Hello,
The test and train data available have let different number of columns. After modeling and applying a machine learning algorithm, when I try to predict, I get an error that says the test data (6 columns) has fewer columns than the train (about 45 columns).
Please what can I do in this situation?
Hi @Jimal, you need to add the missing cols before applying your model. recall the final model will be expecting the same number of constants you used to build the model, then apply weights before predicting ~ hope that helps
Thank you for the response.
if I'm to add 30+ column to the test data, what will be the values of each column. I feel it's not cool to come up with random values for each columns.

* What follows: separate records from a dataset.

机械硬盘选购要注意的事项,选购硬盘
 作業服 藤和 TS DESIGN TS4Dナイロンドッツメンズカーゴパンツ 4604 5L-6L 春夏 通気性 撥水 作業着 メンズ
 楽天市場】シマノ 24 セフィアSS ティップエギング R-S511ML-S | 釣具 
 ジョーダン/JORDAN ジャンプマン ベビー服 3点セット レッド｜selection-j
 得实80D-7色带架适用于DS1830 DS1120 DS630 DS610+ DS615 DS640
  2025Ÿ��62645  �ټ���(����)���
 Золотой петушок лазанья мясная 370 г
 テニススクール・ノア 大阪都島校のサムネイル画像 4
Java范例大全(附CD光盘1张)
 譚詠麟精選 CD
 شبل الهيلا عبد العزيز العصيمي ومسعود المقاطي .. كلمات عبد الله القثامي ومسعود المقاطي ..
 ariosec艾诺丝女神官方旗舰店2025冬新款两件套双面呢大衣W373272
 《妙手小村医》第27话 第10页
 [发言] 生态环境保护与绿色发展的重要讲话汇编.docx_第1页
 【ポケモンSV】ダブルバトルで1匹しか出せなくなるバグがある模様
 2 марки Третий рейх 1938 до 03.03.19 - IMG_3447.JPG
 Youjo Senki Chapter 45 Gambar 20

I think that's the challenge. I haven't not had the time to model as yet on this challenge but I think that's the key
Okay
Thank you
Hello Jimal,
This is a forecasting challenge, majority of the information in train is target related information or by products /breakdown of target information (selliin). Hence, these are all unknown features at test time, they are provided for you to build a profile/representation of the pattern of distribution for the product of interest, such that given only a month, year and product name, you are able to infer future forecasts. You need to structure the dataset such that given database information, there is a corresponding sellin target to be predicted or apply a time series model, sequence to sequence model to represent the sellin trend of the dataset.
I hope this helps.
Yes. To an extent. Thank you
Thinking about it again, your advice gave me an idea.
Thank you
Awesome, all the best!